A portable 3D image imaging device

This case is a divisional application based on an invention patent with an application date of September 25, 2020, an application number of 2020110203239, and the title of "a 3D holographic image device" as the parent case.

technical field

The present invention relates to the technical field of 3D images, in particular to a portable 3D image imaging device.

Background technique

In order to realize holographic images, a deep-field projection studio is usually composed of a curtain, multiple light sources, etc. at present. The existing deep-field projection environment usually requires a lot of manpower and material resources to build, and the projection booth is inconvenient to transport. Every time it is applied to a different scene, it needs to be rebuilt, which is inefficient.

SUMMARY OF THE INVENTION

The technical problem to be solved by the present invention is to provide a portable 3D image imaging device to improve the portability of the projection booth.

In order to solve the above-mentioned technical problems, the technical scheme adopted in the present invention is:

A portable 3D image imaging device, comprising a first projection assembly, a second projection assembly, a third projection assembly and a fourth projection assembly;

The first projection assembly, the second projection assembly, the third projection assembly and the fourth projection assembly are telescopically connected in sequence;

When the projection surface of the first projection component, the projection surface of the second projection component, the projection surface of the third projection component and the projection surface of the fourth projection component are unfolded, the first projection component, the second projection component, the The three projection components and the fourth projection component form a top-bottom interconnected cube.

The beneficial effects of the present invention are: four retractable projection assemblies are provided, which are convenient for storage; when projection is required, the projection surfaces of the four projection assemblies are expanded in turn to form a cube, so that the projector can be performed on the four surfaces respectively. projection. In the present invention, a portable deep-field projection device is formed by four retractable projection assemblies, which is convenient for storage and carrying while ensuring the projection effect.

Description of drawings

1 is a schematic structural diagram of a portable 3D image imaging device in a fully unfolded state according to Embodiment 1 of the present invention;

FIG. 2 is a top view of a portable 3D image imaging device in a fully stored state according to the first embodiment of the present invention;

3 is a top view of a portable 3D image imaging device in a fully unfolded state according to Embodiment 1 of the present invention;

Fig. 4 is the front view of Fig. 1;

5 is a cross-sectional view of the reel in a restricted state according to Embodiment 2 of the present invention;

Fig. 6 is the enlarged view of A part among Fig. 5;

7 is a cross-sectional view of the second embodiment of the present invention when the rolling body is a steel ball and the reel is in a rotatable state;

FIG. 8 is an enlarged view of part B of FIG. 7;

9 is a cross-sectional view of the second embodiment of the present invention when the rolling body is a ball bearing and the reel is in a rotatable state;

FIG. 10 is an enlarged view of part C in FIG. 9 .

Label description:

1. The first projection assembly; 11. The projection surface of the first projection assembly; 12, The first curtain; 13, The first winder; 131, The casing; 1312, control lever; 1313, accommodating groove; 1314, circular truncated protrusion; 134, upper support table; 1341, limit groove; 135, lower support table; 1351, chute; 1352, switch groove; 136, rotating shaft; 137 , the first anti-skid part; 138, the second anti-skid part; 139, the rolling body;

2. The second projection assembly; 21. The projection surface of the second projection assembly;

3. The third projection component; 31. The projection surface of the third projection component; 32. The flexible scale;

4. A fourth projection assembly; 41. A projection surface of the fourth projection assembly.

Detailed ways

In order to describe in detail the technical content, achieved objects and effects of the present invention, the following descriptions are given with reference to the embodiments and the accompanying drawings.
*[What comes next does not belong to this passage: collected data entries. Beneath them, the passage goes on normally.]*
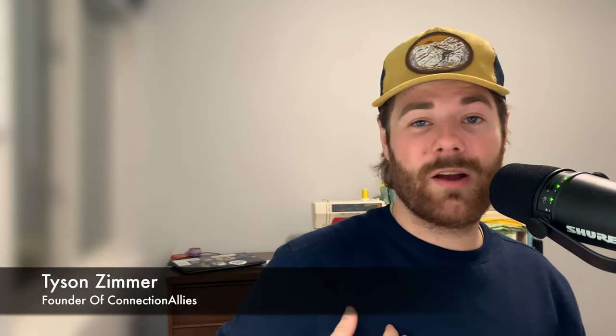What's up guys, how's it going? My name is Tyson and today we're going to be diving into the contact management side of ClickFunnels 2.0.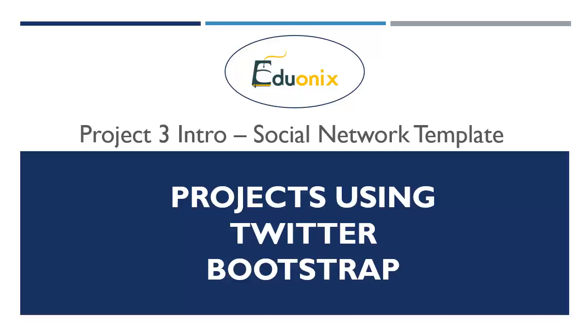Hey guys, welcome to your project three introduction. In this chapter, we're gonna be creating a social network template.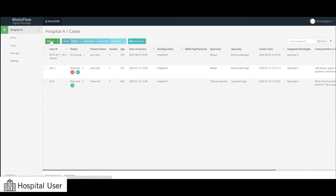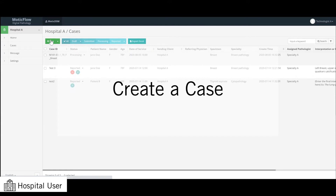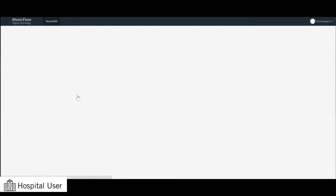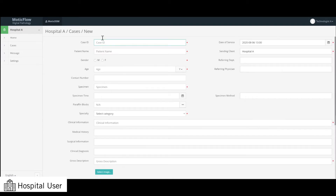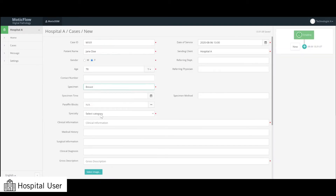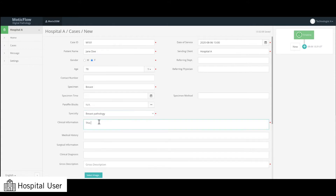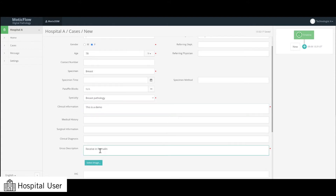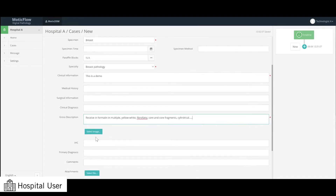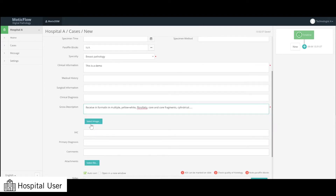Starting as a hospital user, easily create cases from scanned whole slide images. To create a new case, select New in the top left corner. From there, enter in your case details, then fill out the required sections, including the gross image and image descriptions.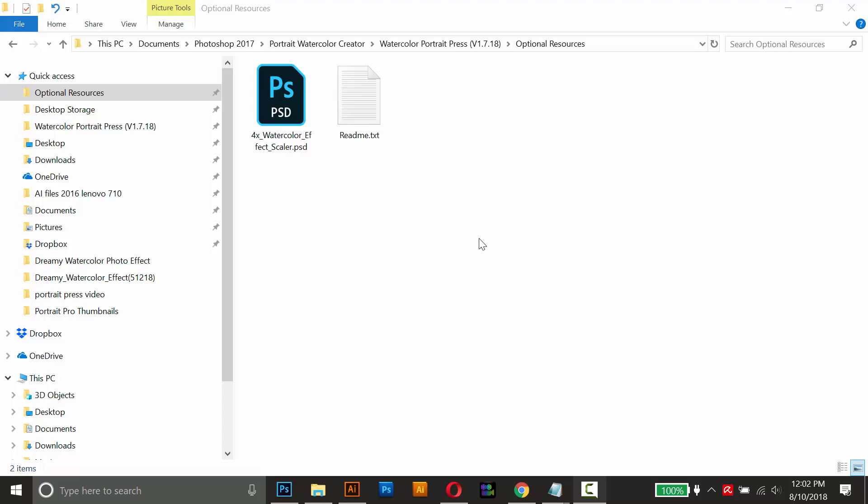Hey everyone, my name's Calvin and welcome to my video tutorial for the watercolor effects scaler. Some of you may have noticed that the maximum output for my watercolor effects is 3000 pixels by 2400 pixels.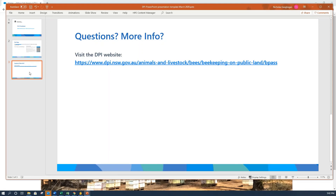That's all I've got to take you through today. Do jump on the DPI website — there is a lot of information there including how-to guides on all the major functions of BeePass. If you're having trouble, feel free to get in touch via apri.sites@dpi.nsw.gov.au and we'll help you out as much as we can. We hope you have success in finding your sites, and thank you for your attention today.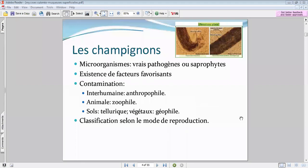Vous avez bien sûr les différents modes de contamination. La contamination anthropophile est la plus fréquente — la plupart des germes sont d'origine inter-humaine. D'autres modes de contamination existent, de façon accidentelle, que ce soit la zoophilie ou la tellurique.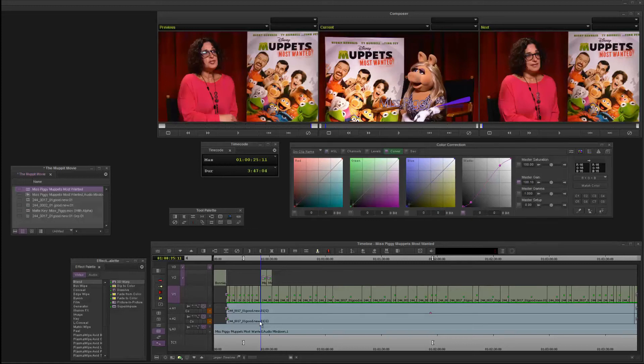Hi everyone, it's Jeff and I'm going to show you a little trick that I've been using for years in Media Composer. It's in the color correction mode.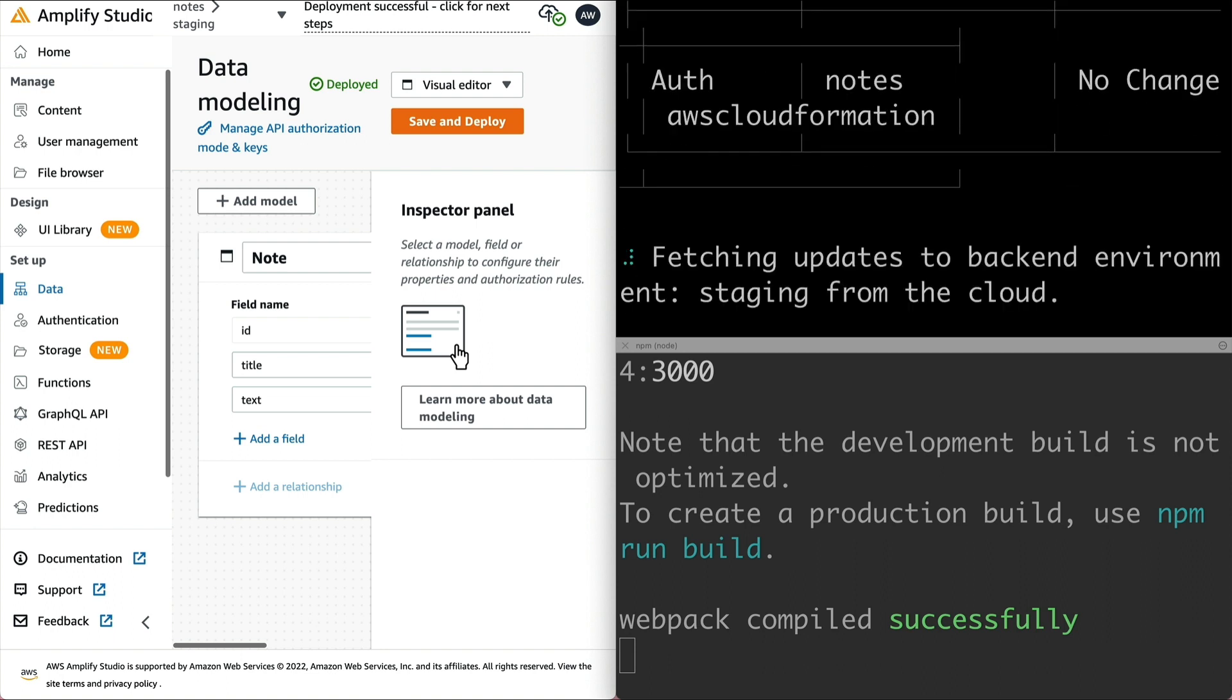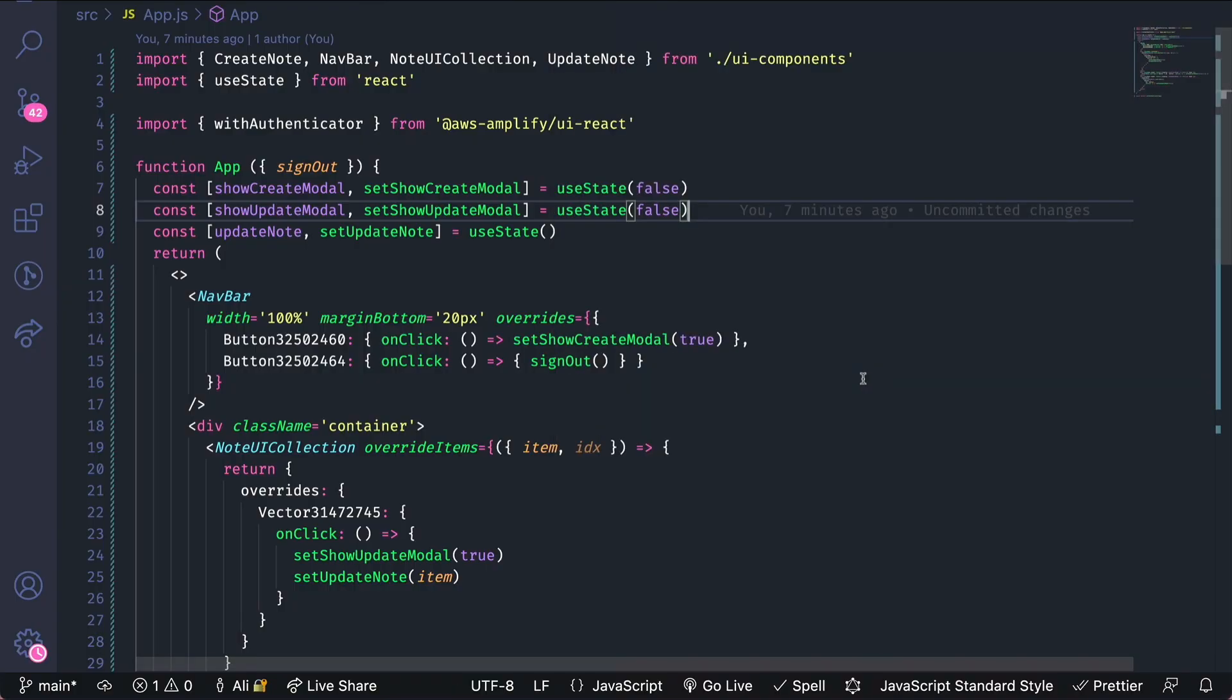Once your changes are deployed, run Amplify Pull to sync your changes locally. Our app will actually work as is. We don't need to change any application code.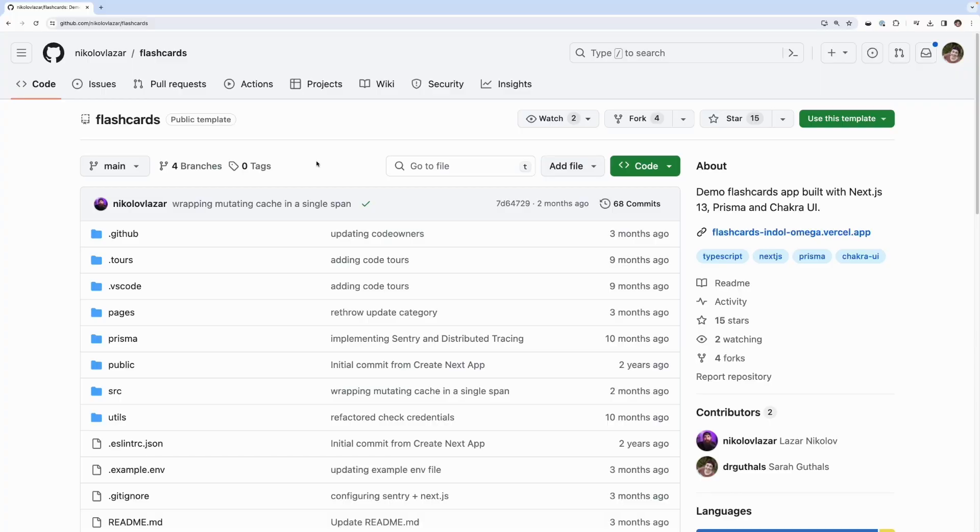If you'd like to follow along there's a couple things you need first. One is a Next.js project. If you don't have one handy we actually open sourced this flashcard app that is built with Next.js and available on GitHub for free. Feel free to clone this project and use it as your sample application.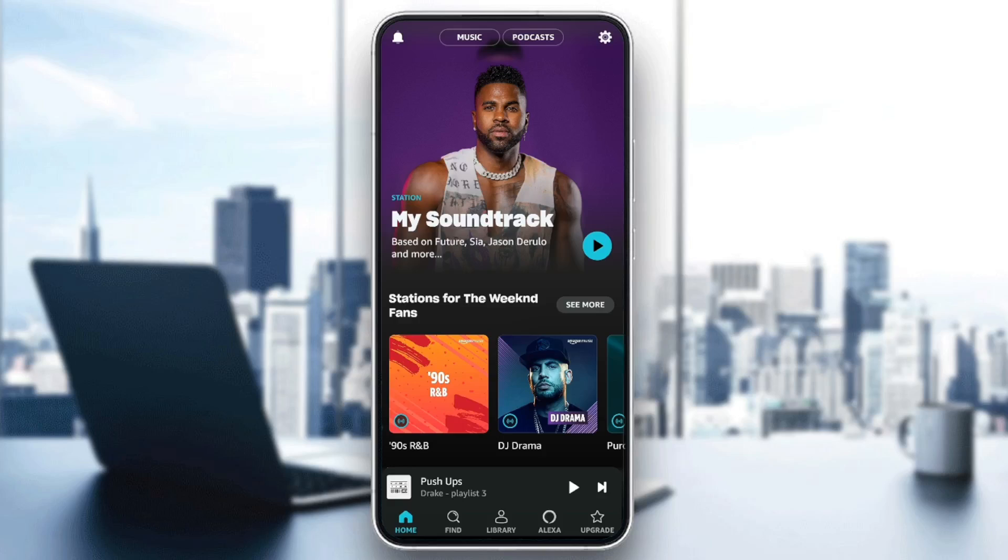As you can see guys, I'm right now in Amazon Music, and this is how the homepage looks like. So right here in the bottom, you're going to find all of the sections.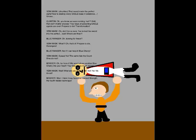That sword made the perfect darts! Now to destroy every eagle base in existence! Unless... Oh, you knew we were coming, huh? Well that won't matter anyway! Your days of poisoning Eagle agents are over! Prepare to die!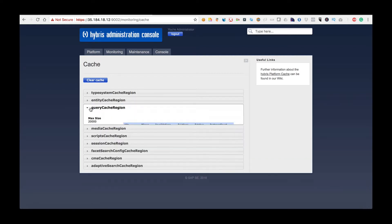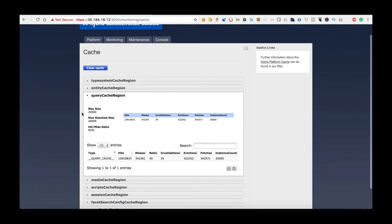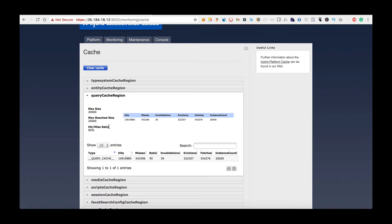I'm going to look at the query cache region and look at the information about it — for example the max size, the max reach size and the hit-miss ratio. The hit-miss ratio is very important to STP Hybris and should be above 95% for most cache regions. This is the metric I'll be looking at most if you're doing a review of the cache.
1-10, a portable 3D image imaging device includes a first projection assembly, a second projection assembly, a third projection assembly and a fourth projection assembly;

The first projection assembly, the second projection assembly, the third projection assembly and the fourth projection assembly are telescopically connected in sequence;

When the projection surface of the first projection component, the projection surface of the second projection component, the projection surface of the third projection component and the projection surface of the fourth projection component are unfolded, the first projection component, the second projection component, the The three projection components and the fourth projection component form a top-bottom interconnected cube.

The working principle of the present invention is:

The deep-field projection scene is built by four retractable projection components, so that the deep-field projection scene can be stored and easy to carry.

As can be seen from the above description, the beneficial effects of the present invention are: four retractable projection assemblies are provided for easy storage; when projection is required, the projection surfaces of the four projection assemblies are sequentially expanded to form a cube, so that the projector can be Projection on four sides. In the present invention, a portable deep-field projection device is formed by four retractable projection assemblies, which is convenient for storage and carrying while ensuring the projection effect.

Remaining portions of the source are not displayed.